══ DATA EXCERPTS ══

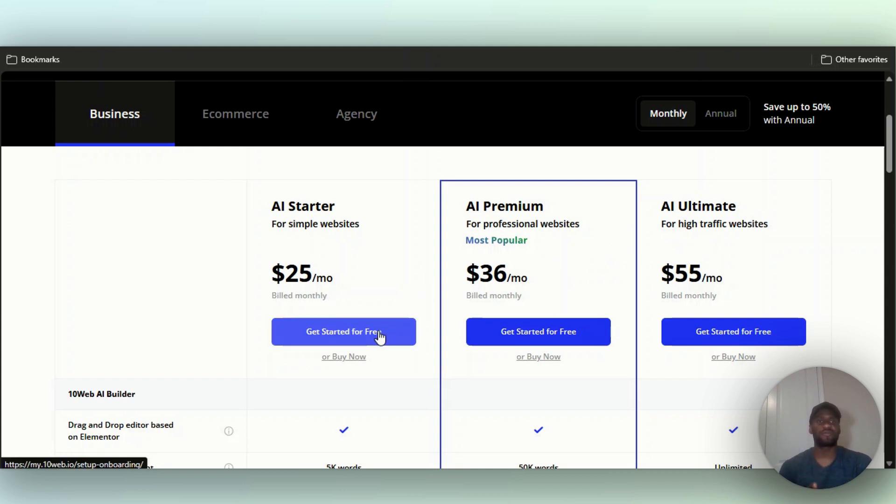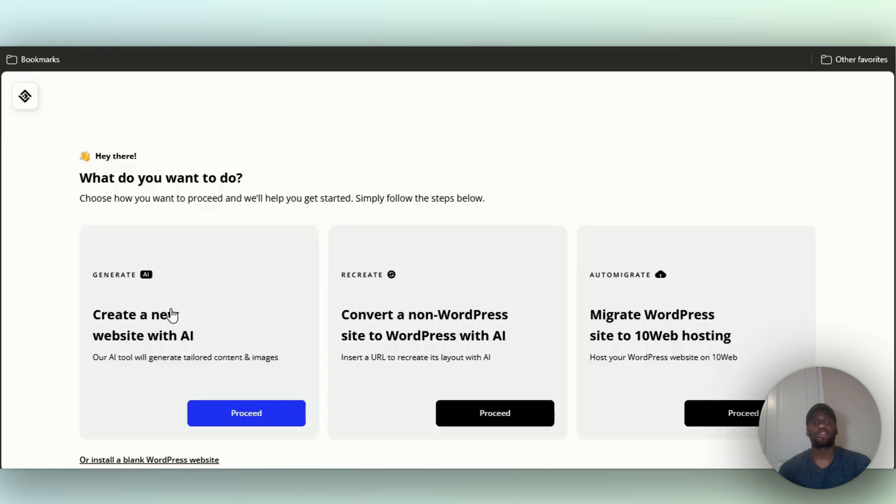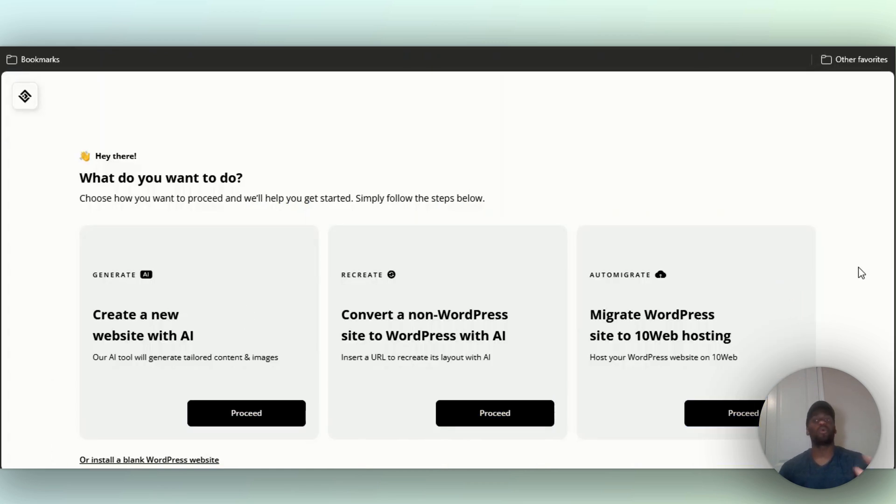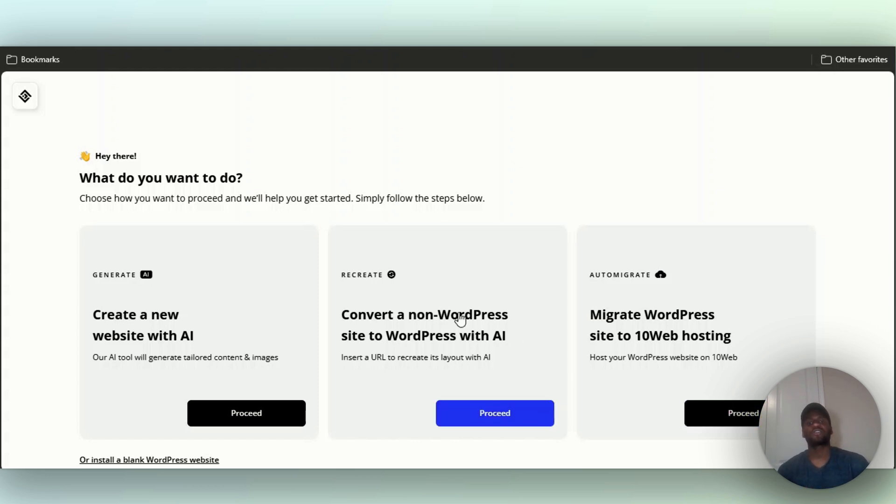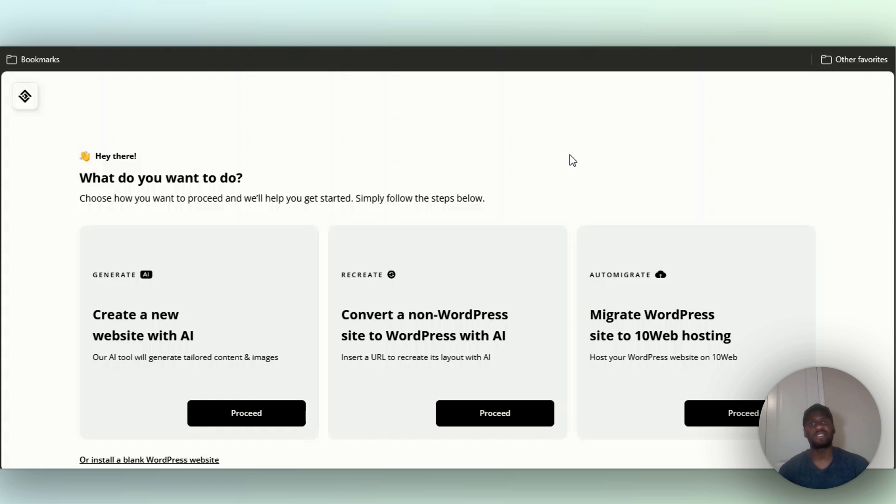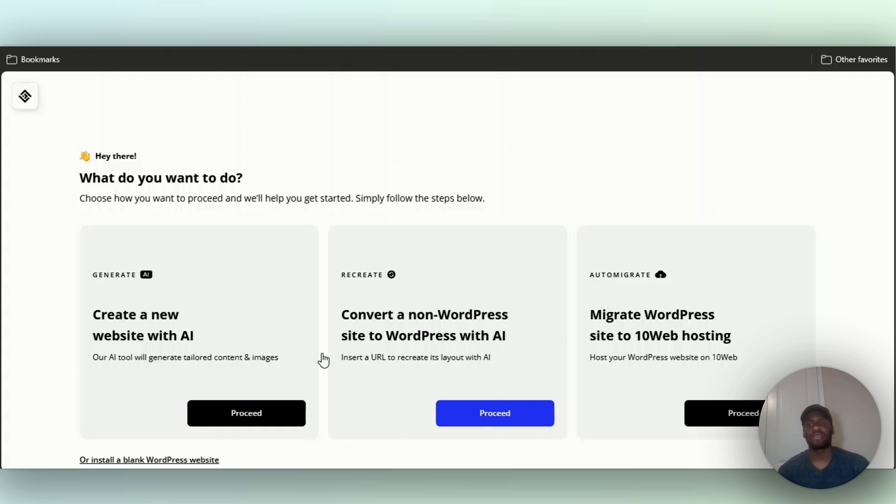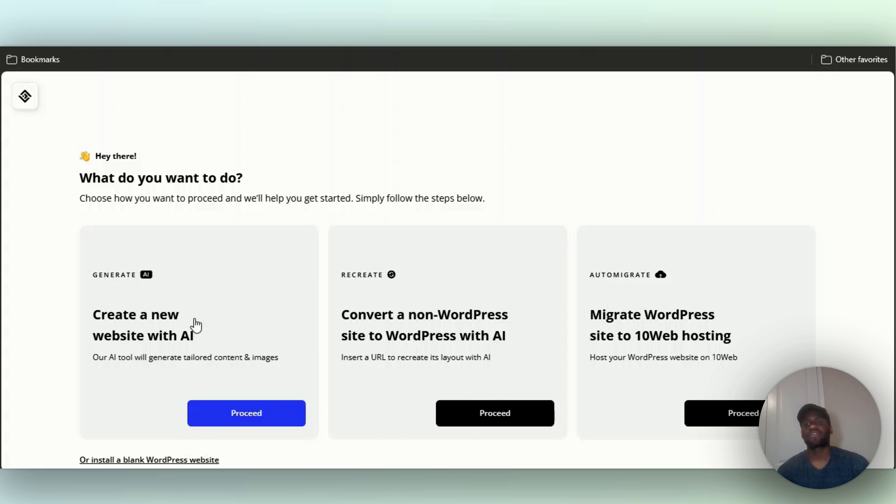I'm just going to click get started for free. I already have an account. They give you three options here: you can auto-migrate your WordPress site from whatever hosting you're using over to them, you can convert your non-WordPress site, whether it's Shopify, Squarespace, Wix, Weebly, over to WordPress using their AI system, you can install a blank WordPress site, or you can create a new website with AI.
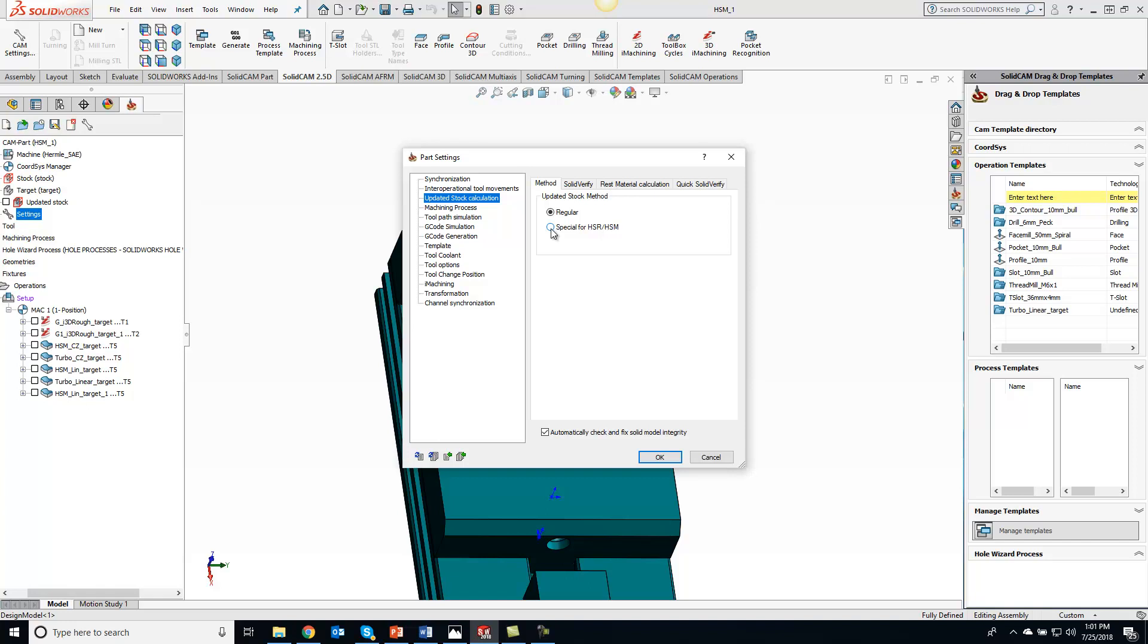This is going to update your stock much faster than what the standard way will do. I just want to show you that for your tip of the day. This will make your update stock calculate a lot faster if you're using HSR or HSM.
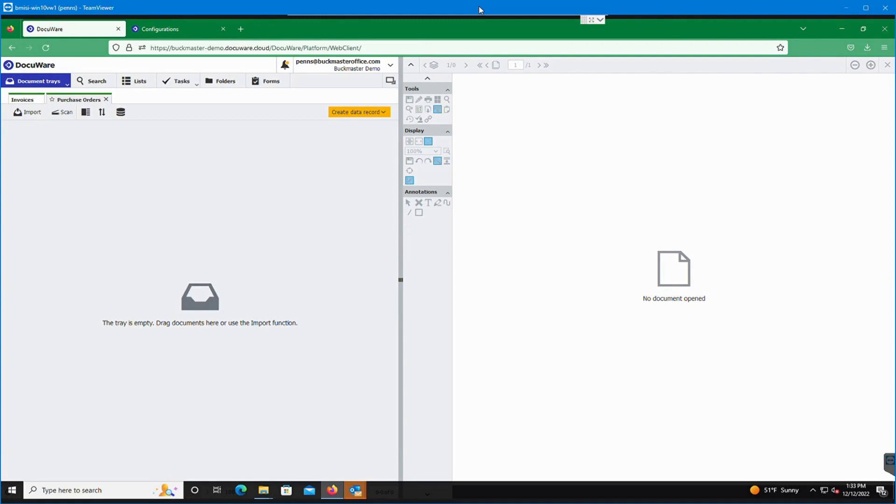Hello, my name is Philip Enns from Buckmaster Office Solutions. I work in the IT department here and help put together document management solutions for our customers. Today I'm going to be going through a demo of a pretty typical account table setup. I'll be explaining the system itself and many of the functions within the system. Let's dive in.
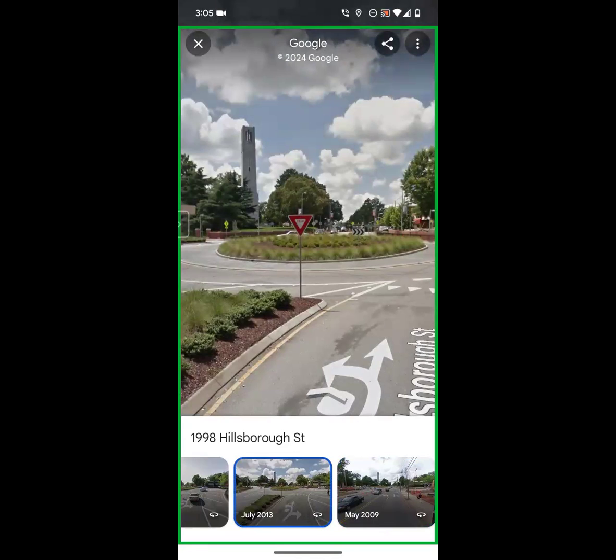Hopefully this is helpful for you if you're looking to access historical Street View images on a mobile device. Thank you very much.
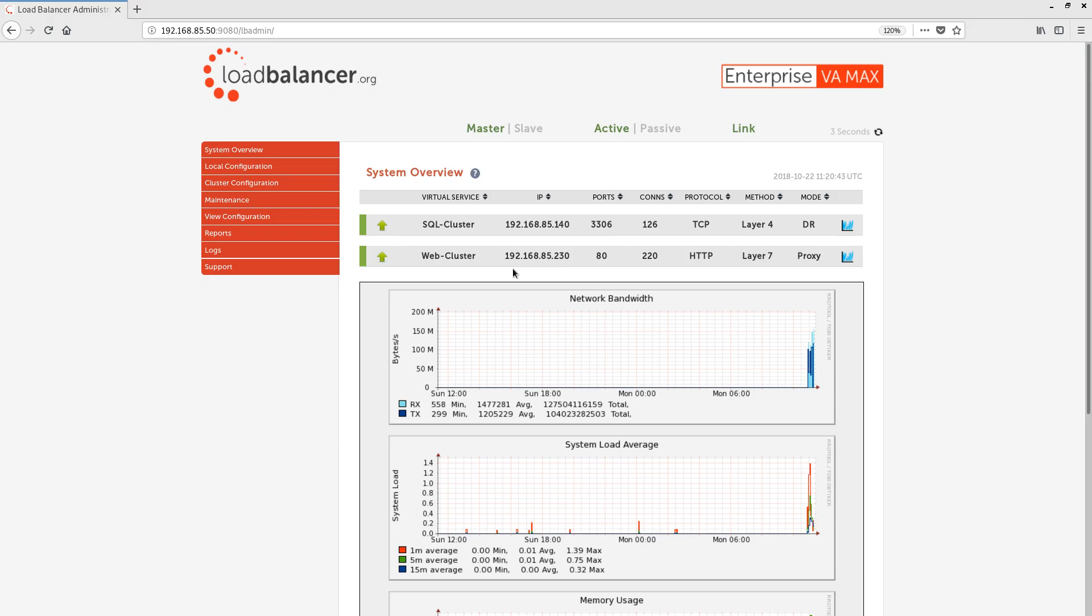In this video, we're going to have a quick tour of some of the key features of the LoadBalance.org appliance. The web user interface is accessed by going to the IP address of the appliance on port 9080. By default, the web UI can be accessed on any IP address that's associated to the appliance.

═══

All lines from the line with "Hopefully this is" through the final line of the listing are to be printed exactly, both ends included; the pictures are not.

Hopefully this is helpful for you if you're looking to access historical Street View images on a mobile device. Thank you very much.
In this video, we're going to have a quick tour of some of the key features of the LoadBalance.org appliance. The web user interface is accessed by going to the IP address of the appliance on port 9080. By default, the web UI can be accessed on any IP address that's associated to the appliance.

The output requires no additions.